[Records from a collection]
□ □ □ □ □

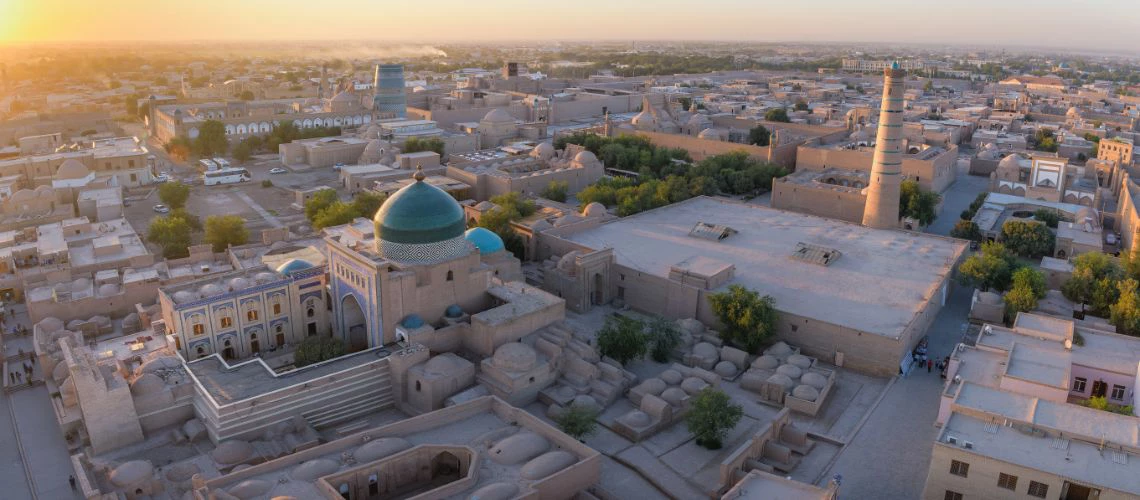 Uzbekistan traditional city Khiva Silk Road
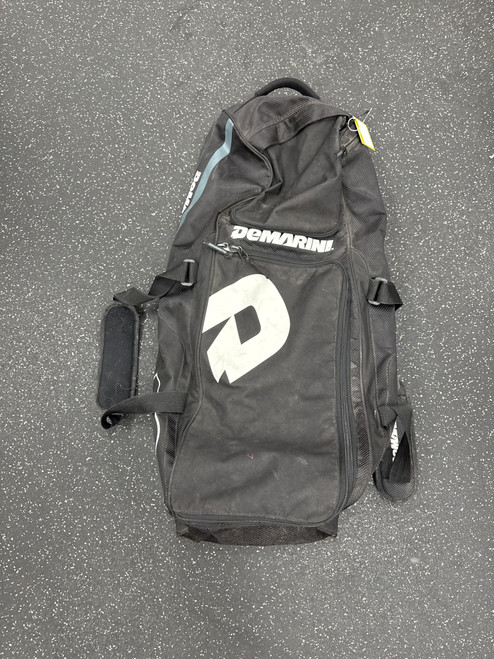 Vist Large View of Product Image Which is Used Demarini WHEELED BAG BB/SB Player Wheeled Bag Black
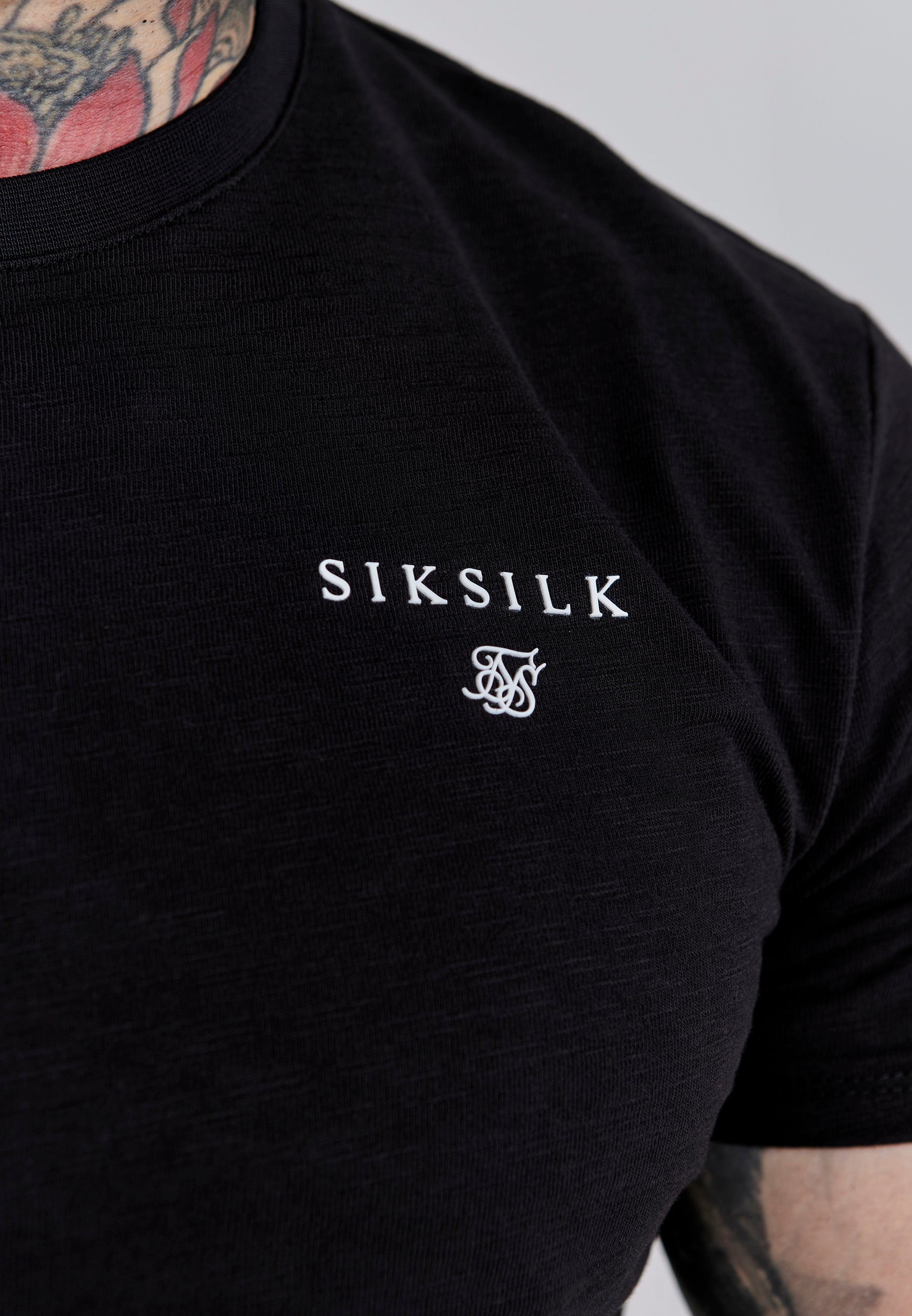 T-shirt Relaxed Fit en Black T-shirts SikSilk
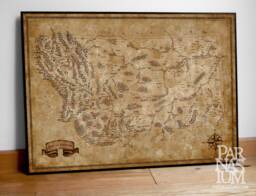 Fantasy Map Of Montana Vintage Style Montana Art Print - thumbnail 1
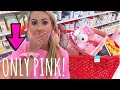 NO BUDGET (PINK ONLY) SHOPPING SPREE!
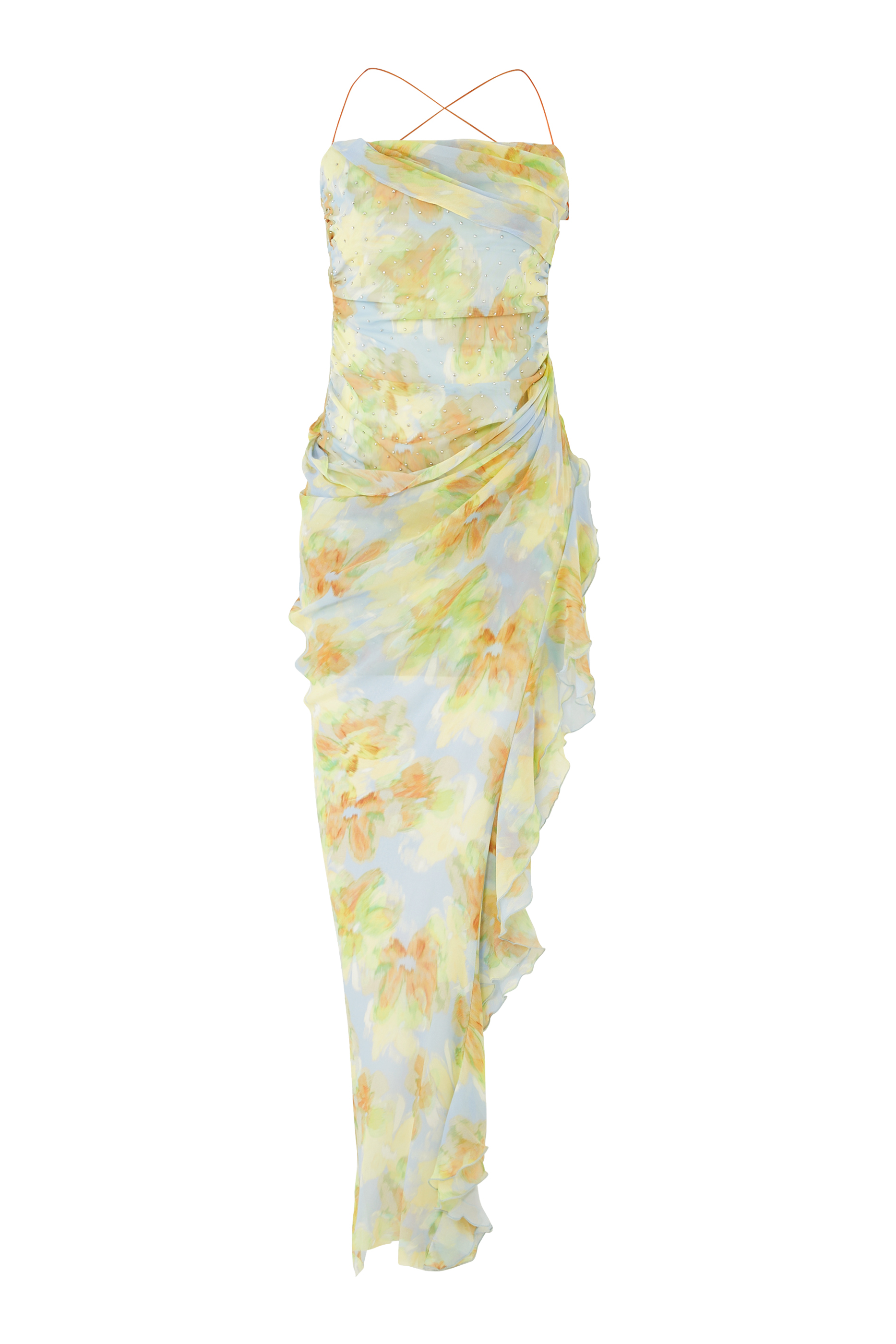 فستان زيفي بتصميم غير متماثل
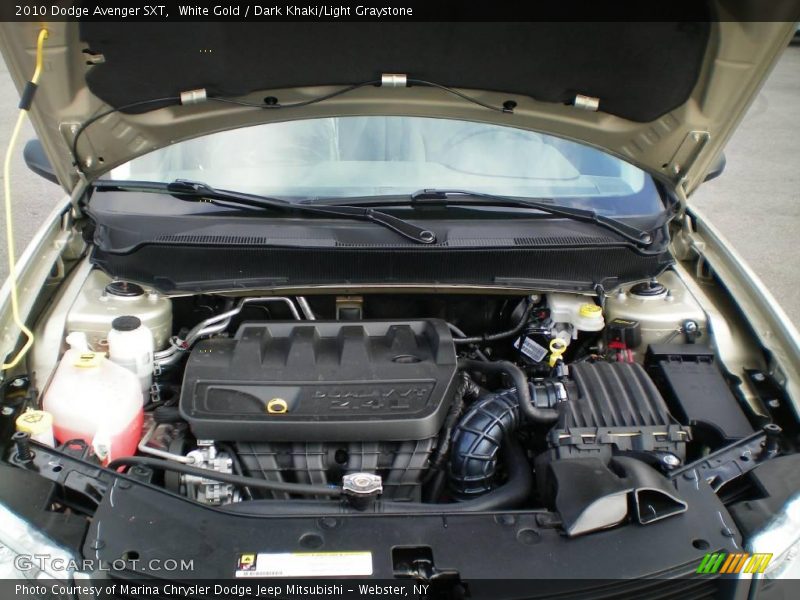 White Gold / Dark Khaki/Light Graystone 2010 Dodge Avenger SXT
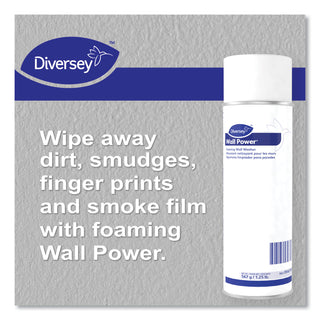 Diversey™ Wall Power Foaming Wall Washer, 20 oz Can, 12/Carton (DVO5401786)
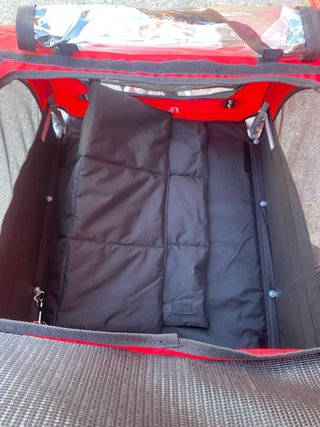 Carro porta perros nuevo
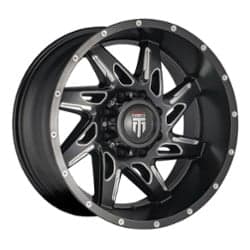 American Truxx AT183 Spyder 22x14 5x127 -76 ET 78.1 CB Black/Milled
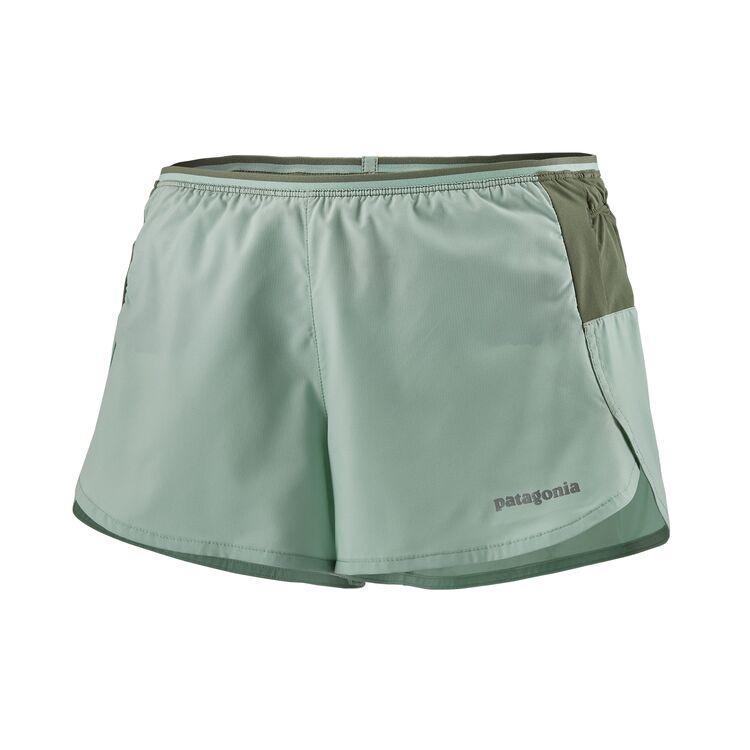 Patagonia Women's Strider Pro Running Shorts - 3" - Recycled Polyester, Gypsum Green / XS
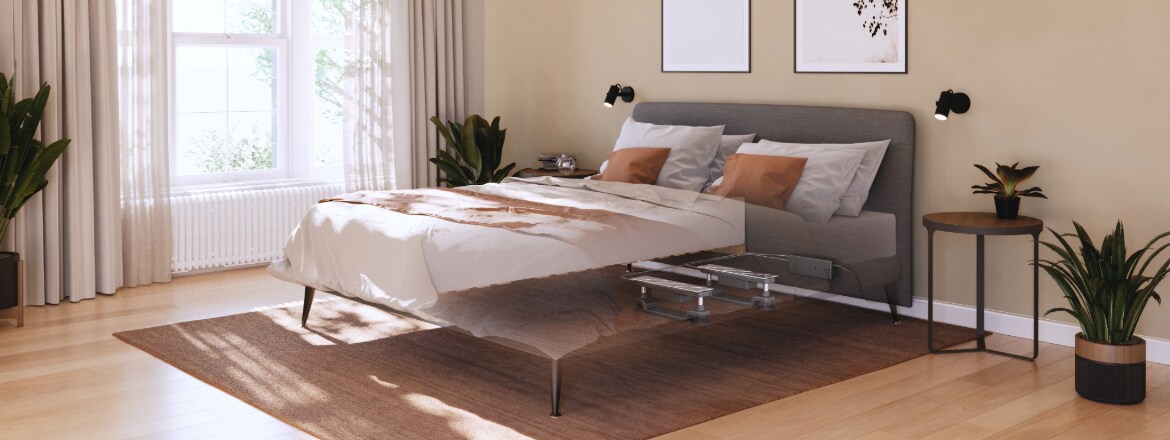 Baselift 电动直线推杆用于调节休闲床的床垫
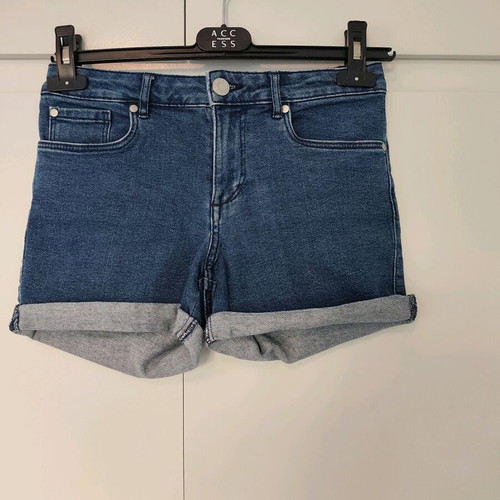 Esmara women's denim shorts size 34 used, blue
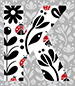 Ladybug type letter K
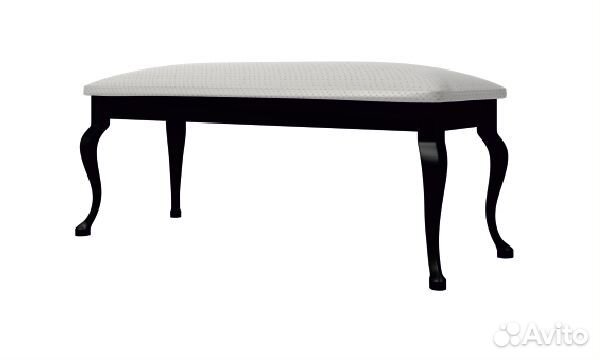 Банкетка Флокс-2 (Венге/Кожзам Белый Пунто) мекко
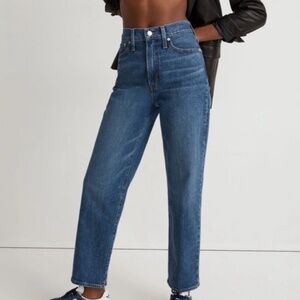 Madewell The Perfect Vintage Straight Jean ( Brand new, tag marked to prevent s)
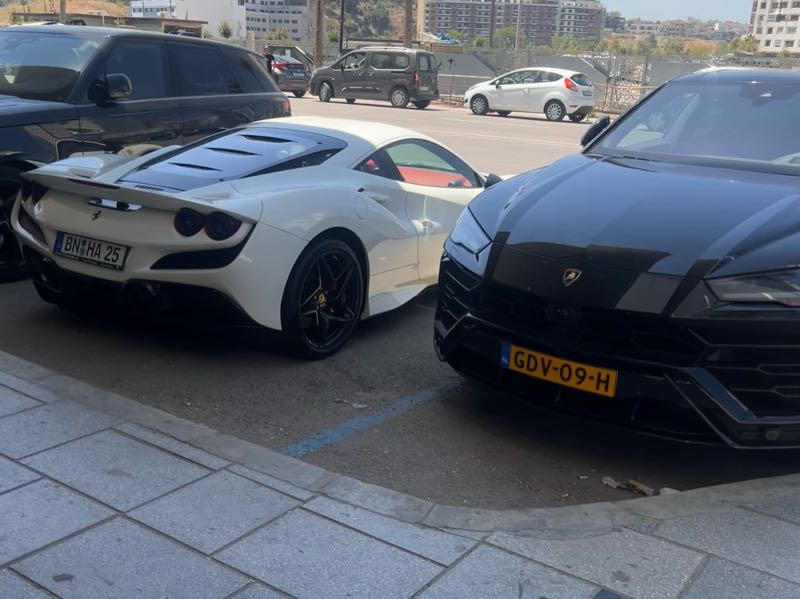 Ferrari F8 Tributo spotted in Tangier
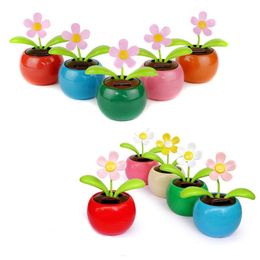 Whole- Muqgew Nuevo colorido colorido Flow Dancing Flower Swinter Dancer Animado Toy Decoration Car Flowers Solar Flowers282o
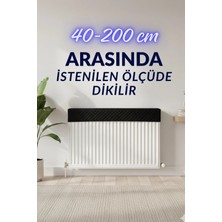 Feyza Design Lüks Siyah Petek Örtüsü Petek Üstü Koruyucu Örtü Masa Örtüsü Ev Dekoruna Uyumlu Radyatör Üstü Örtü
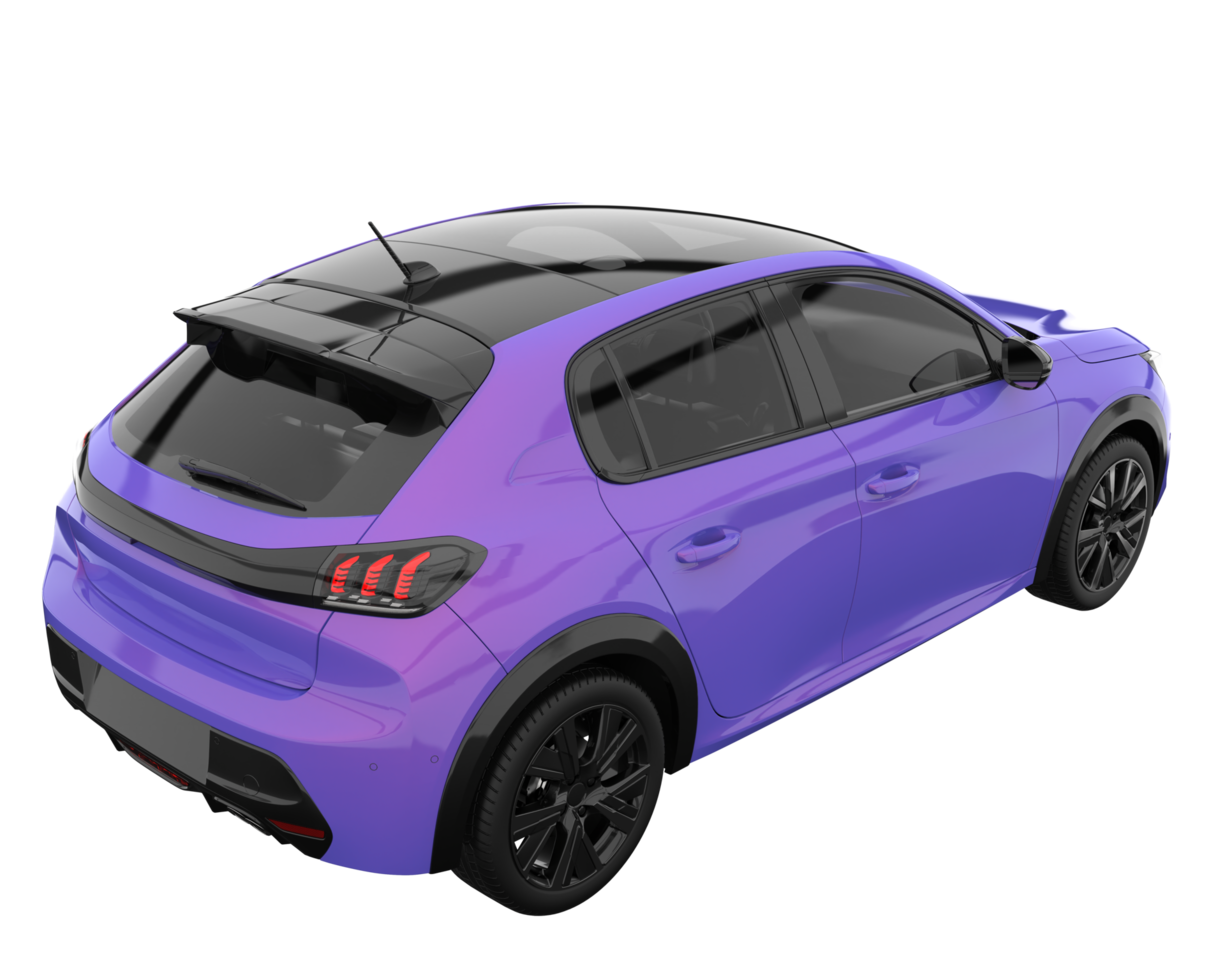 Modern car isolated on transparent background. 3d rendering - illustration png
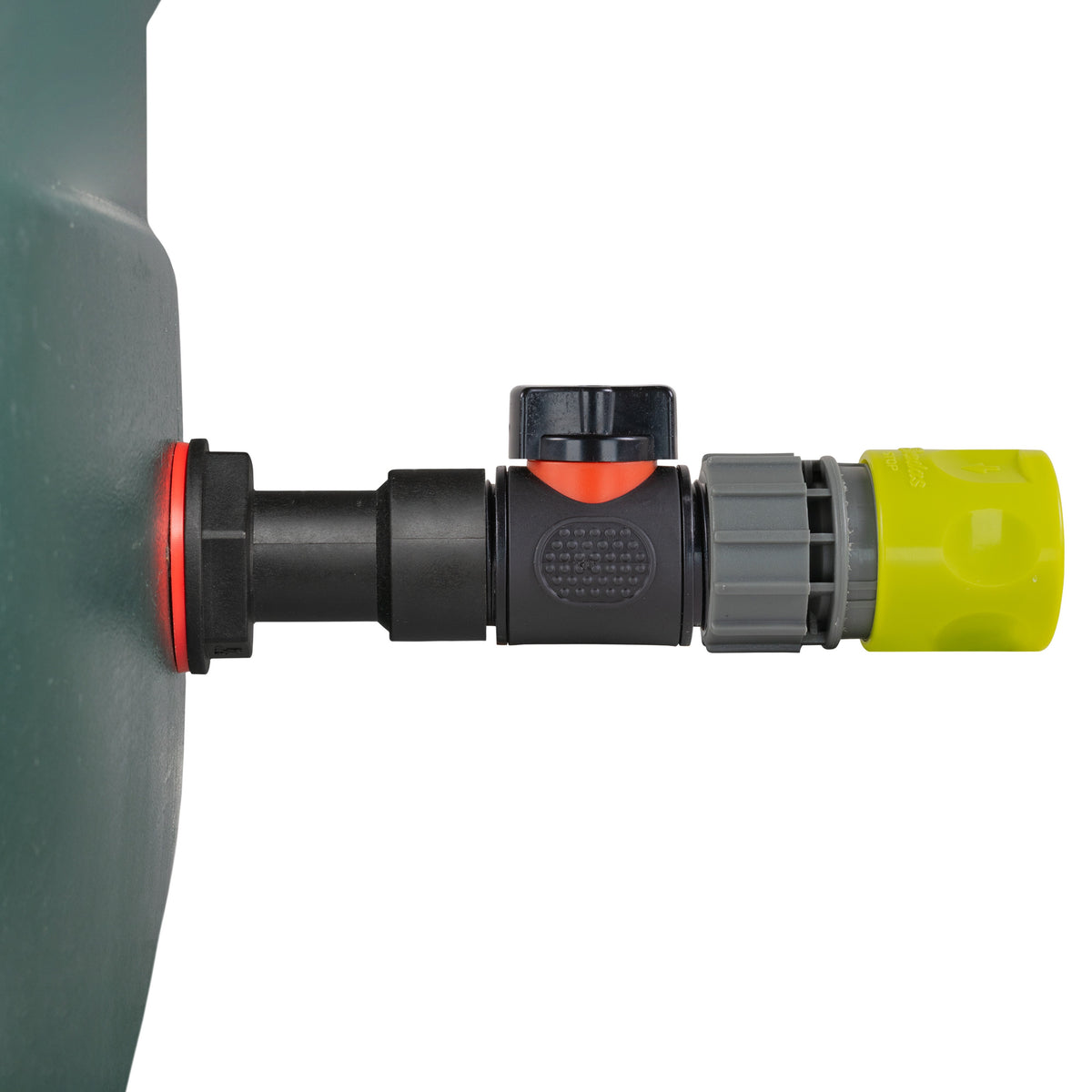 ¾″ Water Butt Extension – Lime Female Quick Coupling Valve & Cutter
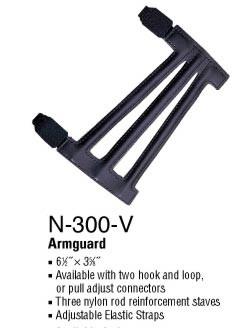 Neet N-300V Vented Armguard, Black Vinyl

□ □ □ □ □

# Task prompt
Leaving out the pictures, return exactly the lines from the one that contains "Esmara women's denim" through the last line of the records above, inclusive.

# Finished task
 Esmara women's denim shorts size 34 used, blue
 Ladybug type letter K
 Банкетка Флокс-2 (Венге/Кожзам Белый Пунто) мекко
 Madewell The Perfect Vintage Straight Jean ( Brand new, tag marked to prevent s)
 Ferrari F8 Tributo spotted in Tangier
 Whole- Muqgew Nuevo colorido colorido Flow Dancing Flower Swinter Dancer Animado Toy Decoration Car Flowers Solar Flowers282o
 Feyza Design Lüks Siyah Petek Örtüsü Petek Üstü Koruyucu Örtü Masa Örtüsü Ev Dekoruna Uyumlu Radyatör Üstü Örtü
 Modern car isolated on transparent background. 3d rendering - illustration png
 ¾″ Water Butt Extension – Lime Female Quick Coupling Valve & Cutter
 Neet N-300V Vented Armguard, Black Vinyl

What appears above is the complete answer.